Reinforcement Learning vs. Gradient-Based Optimisation for Robust Energy Landscape Control of Spin-1/2 Quantum Networks

TL;DR

This paper compares reinforcement learning and gradient-based optimization for controlling quantum spin networks, showing RL's superior robustness in noisy, challenging scenarios.

Contribution

It demonstrates the effectiveness of policy gradient methods in quantum control, especially under noise, outperforming traditional gradient-based approaches.

Findings

Reinforcement learning handles noisy quantum control problems better.

Controllers found by RL are more robust to Hamiltonian noise.

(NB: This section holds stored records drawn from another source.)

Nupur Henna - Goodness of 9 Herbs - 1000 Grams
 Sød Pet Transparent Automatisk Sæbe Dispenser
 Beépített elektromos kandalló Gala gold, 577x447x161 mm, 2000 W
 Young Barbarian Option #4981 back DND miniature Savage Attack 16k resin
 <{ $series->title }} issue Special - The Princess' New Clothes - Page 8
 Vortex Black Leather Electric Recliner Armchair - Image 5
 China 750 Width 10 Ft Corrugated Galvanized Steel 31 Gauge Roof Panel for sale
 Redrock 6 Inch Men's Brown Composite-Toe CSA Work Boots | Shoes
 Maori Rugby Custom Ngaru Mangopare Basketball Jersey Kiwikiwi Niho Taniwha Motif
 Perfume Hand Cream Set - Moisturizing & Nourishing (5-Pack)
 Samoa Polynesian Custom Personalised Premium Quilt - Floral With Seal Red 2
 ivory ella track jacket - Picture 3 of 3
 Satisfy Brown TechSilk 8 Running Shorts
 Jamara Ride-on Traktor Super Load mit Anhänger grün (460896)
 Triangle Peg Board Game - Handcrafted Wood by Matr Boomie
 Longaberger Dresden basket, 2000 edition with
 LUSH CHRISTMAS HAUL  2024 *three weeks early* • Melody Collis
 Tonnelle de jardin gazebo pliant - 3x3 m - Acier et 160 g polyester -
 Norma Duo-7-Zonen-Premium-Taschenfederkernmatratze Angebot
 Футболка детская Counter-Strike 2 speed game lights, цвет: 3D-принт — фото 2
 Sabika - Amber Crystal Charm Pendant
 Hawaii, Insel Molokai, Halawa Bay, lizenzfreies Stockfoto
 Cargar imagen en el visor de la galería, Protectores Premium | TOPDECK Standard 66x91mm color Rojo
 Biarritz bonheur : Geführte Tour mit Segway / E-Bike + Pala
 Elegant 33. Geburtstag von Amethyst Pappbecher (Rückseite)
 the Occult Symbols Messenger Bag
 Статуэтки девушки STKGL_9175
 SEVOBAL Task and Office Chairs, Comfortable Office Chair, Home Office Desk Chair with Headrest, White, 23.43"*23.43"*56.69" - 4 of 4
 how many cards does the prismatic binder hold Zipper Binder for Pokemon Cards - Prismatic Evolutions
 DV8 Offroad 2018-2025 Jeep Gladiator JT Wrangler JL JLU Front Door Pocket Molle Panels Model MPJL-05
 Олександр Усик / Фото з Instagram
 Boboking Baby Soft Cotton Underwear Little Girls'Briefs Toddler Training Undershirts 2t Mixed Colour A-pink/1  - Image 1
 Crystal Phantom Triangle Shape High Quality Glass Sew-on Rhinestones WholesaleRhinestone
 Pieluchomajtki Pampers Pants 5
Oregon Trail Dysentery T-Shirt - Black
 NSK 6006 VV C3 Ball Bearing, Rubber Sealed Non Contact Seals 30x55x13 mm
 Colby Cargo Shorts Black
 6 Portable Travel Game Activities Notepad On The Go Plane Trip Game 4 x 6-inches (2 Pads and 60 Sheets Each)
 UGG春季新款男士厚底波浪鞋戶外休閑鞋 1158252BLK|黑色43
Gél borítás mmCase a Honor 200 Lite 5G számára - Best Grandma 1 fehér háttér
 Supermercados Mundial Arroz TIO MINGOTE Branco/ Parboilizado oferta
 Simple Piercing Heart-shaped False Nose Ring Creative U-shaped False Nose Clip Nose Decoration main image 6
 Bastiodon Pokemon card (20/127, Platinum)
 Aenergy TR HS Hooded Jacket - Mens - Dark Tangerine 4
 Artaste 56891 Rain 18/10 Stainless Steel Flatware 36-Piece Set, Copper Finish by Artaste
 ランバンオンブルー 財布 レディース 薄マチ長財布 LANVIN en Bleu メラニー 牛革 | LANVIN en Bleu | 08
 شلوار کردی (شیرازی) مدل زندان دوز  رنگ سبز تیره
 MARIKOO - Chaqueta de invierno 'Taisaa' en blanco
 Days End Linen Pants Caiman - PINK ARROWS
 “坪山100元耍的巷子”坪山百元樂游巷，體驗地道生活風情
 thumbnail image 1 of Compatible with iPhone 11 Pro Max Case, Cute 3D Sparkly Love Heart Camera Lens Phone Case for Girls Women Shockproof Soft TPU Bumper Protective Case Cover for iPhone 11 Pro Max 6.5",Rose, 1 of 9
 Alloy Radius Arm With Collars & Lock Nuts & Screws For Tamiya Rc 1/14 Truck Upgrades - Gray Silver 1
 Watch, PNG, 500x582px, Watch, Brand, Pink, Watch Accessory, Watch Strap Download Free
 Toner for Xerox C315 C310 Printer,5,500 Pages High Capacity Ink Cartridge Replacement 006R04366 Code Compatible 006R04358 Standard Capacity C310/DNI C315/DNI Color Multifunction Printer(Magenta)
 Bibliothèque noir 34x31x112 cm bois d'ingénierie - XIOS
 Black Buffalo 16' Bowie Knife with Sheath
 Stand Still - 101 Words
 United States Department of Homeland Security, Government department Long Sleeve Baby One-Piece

Gradient-based methods struggle with noisy, complex quantum landscapes.

Abstract

We explore the use of policy gradient methods in reinforcement learning for quantum control via energy landscape shaping of XX-Heisenberg spin chains in a model agnostic fashion. Their performance is compared to finding controllers using gradient-based L-BFGS optimisation with restarts, with full access to an analytical model. Hamiltonian noise and coarse-graining of fidelity measurements are considered. Reinforcement learning is able to tackle challenging, noisy quantum control problems where L-BFGS optimization algorithms struggle to perform well. Robustness analysis under different levels of Hamiltonian noise indicates that controllers found by reinforcement learning appear to be less affected by noise than those found with L-BFGS.